Recorded data
= Beginning of Section =
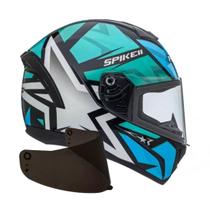 Capacete Masculino Peels Spike Il 1 St Azul Tiffany Mais Viseira Fumê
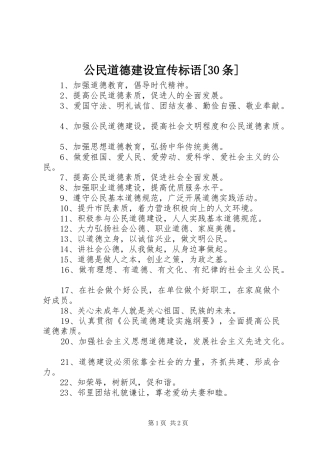公民道德建设宣传标语[30条]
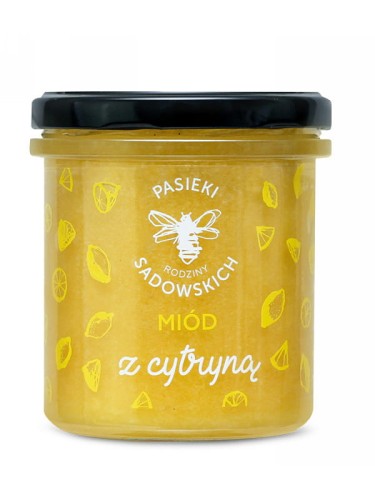 Miód z cytryną (Pasieki Sadowskich), wielokwiatowy miód z dodatkiem cytryny, 450g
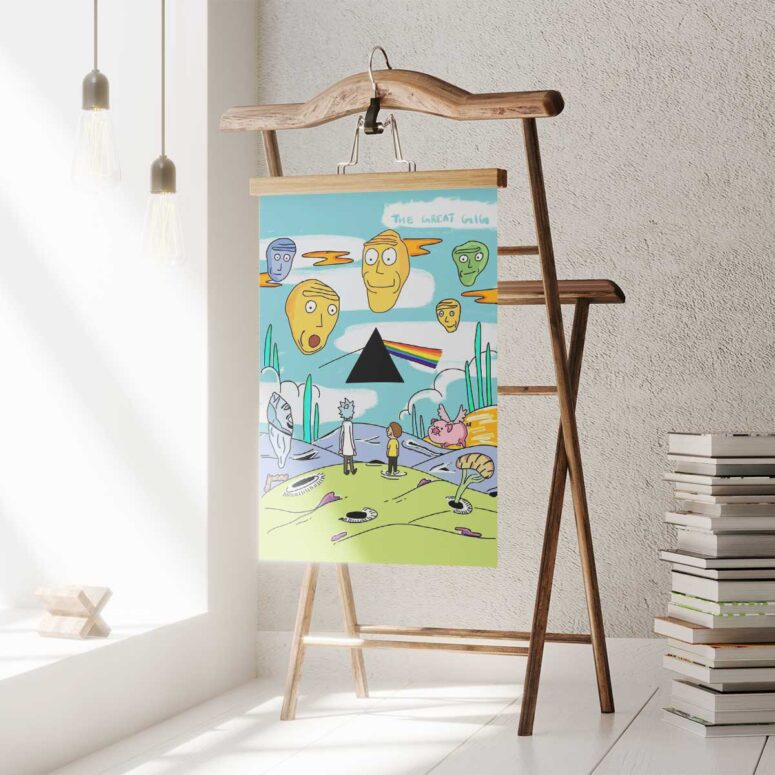 Pink Floyd Poster - Rick and Morty Looking to DSOTM Pink Floyd Poster - Rick and Morty Looking to DSOTM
= End of Section =
Your assignment
Repeat the material line for line. Pictures stay out of the copy.

Exercise response
 Capacete Masculino Peels Spike Il 1 St Azul Tiffany Mais Viseira Fumê
公民道德建设宣传标语[30条]
 Miód z cytryną (Pasieki Sadowskich), wielokwiatowy miód z dodatkiem cytryny, 450g
 Pink Floyd Poster - Rick and Morty Looking to DSOTM Pink Floyd Poster - Rick and Morty Looking to DSOTM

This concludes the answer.